Mas não é exatamente sobre o massacre que quero escrever. Sobre o incidente em si, você caro leitor, já viu, ouviu e leu o suficiente. Quero, na verdade, tratar de um tema, tão perigoso que pode incitar outros atentados. Meu foco é a cobertura da imprensa.
Assim que soube do massacre pelo telefone, passei a acompanhar as notícias em tempo real pela internet, afinal eram 11 horas da manhã e não poderia ir para casa correndo (tinha que cumprir horário em na escola). Contudo, rigorosamente as 11h30min (horário em que acaba meu turno de trabalho na melhor escola do Baixo Sul, o Colégio Estadual João Cardoso dos Santos) corri para casa na intenção de acompanhar tudo pela TV. Com muito bom grado, e infelizmente, obtive quantidade e não qualidade de informações. Não faltaram notícias inúteis e sensacionalistas!
E olhem que não liguei a TV nos programas sanguinolentos do fim de tarde, àqueles cujos apresentadores gritam sem parar enquanto mostram imagens bizarras e clamam por cenas cada vez mais fortes. Não, eu estava sintonizado num canal exclusivamente de notícias, imaginando que nele obteria informações de maneira mais fria e analítica. Ledo engano. Foi uma enxurrada de despautérios arquitetados imediatamente em cima da notícia, com uma enorme carga de sensacionalismo, desrespeito e oportunismo que, claro, muito mais reforça os estereótipos do que explicam a tragédia.
Jornalistas (e não faltaram alguns que se diziam “especialistas” no tema) buscavam qualquer explicação (qualquer uma, mesmo!) que pudesse explicar o fato. No começo da tarde, o atirador era rotulado como “ateu”, como se isso fosse mesmo premissa para ser um assassino. Um crime dessa magnitude só poderia ser praticado por alguém descrente, portanto, um monstro, não é mesmo? Baseado em conhecimento histórico nada acadêmico, Datena proferiu a frase: “quem acredita em Deus não faz uma dessas”. Bastaram algumas horas para se saber que o atirador era sim temente a Deus e que descendia de uma família de Testemunhas de Jeová.
Depois, mobilizando ainda mais preconceitos, especulou-se que o criminoso fosse muçulmano. Quem mais além de um ateu poderia cometer tamanha atrocidade? “Apenas um muçulmano poderia desgraçar tantos!” Afinal de contas, reza o preconceito ocidental, que esse povo esquisito só pratica maldades no mundo.
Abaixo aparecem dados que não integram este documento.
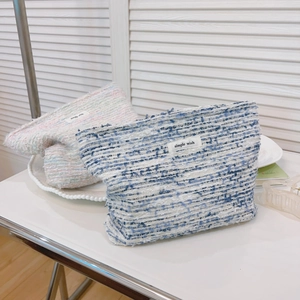 Tweed weave cosmetic bags in blue-white and pink-green colors on a minimalist desk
Assim, durante alguns minutos, o atentado passou a ser tratado em alguns canais como um ato terrorista.
Bastou uma irmã de criação pronunciar a frase: “...ele era esquisito e estava com a barba muito grande”, para que fossem confirmadas as suspeitas. A fim de induzir a entrevistada, um jornalista insistiu: “Mas ele falou alguma coisa de religião… de muçulmano?”. A irmã, totalmente abalada pela situação, apenas repetiu que Wellington era estranho e que falava estas besteiras de muçulmano.
Após algumas horas, já se dizia que o assassino sofria de alguma moléstia grave, quiçá fosse HIV positivo. Segundo a imprensa bastaria que rapaz fosse ateu, mulçumano ou soropositivo para que a situação fosse compreendida. Mas, acredito que a torcida geral dos redatores é que ele fosse as três, simultaneamente.
Um desses “especialistas” foi mais além e “detectou”, pelas roupas que o assassino vestia (coturno e calça verde) que certamente se tratava de um membro de organizações fundamentalistas, claro, mulçumano. Recrutado por estas facções, ele foi escolhido para ação porque tinha HIV e precisava se “limpar” no tal “ato terrorista”.
Pronto, simples assim. Em duas ou três horas de cobertura “alá Mãe Diná” , cercada de “especialistas”, o retrato foi feito. Mas, a realidade, como vimos horas depois, não se encaixou a tais teorias. O problema que vejo com a tese feita e divulgada a milhões de pessoas é que a mesma estimula preconceitos, espalha desinformação e ódio. Não eram exatamente esses sentimentos que deveríamos evitar, principalmente num momento como aquele?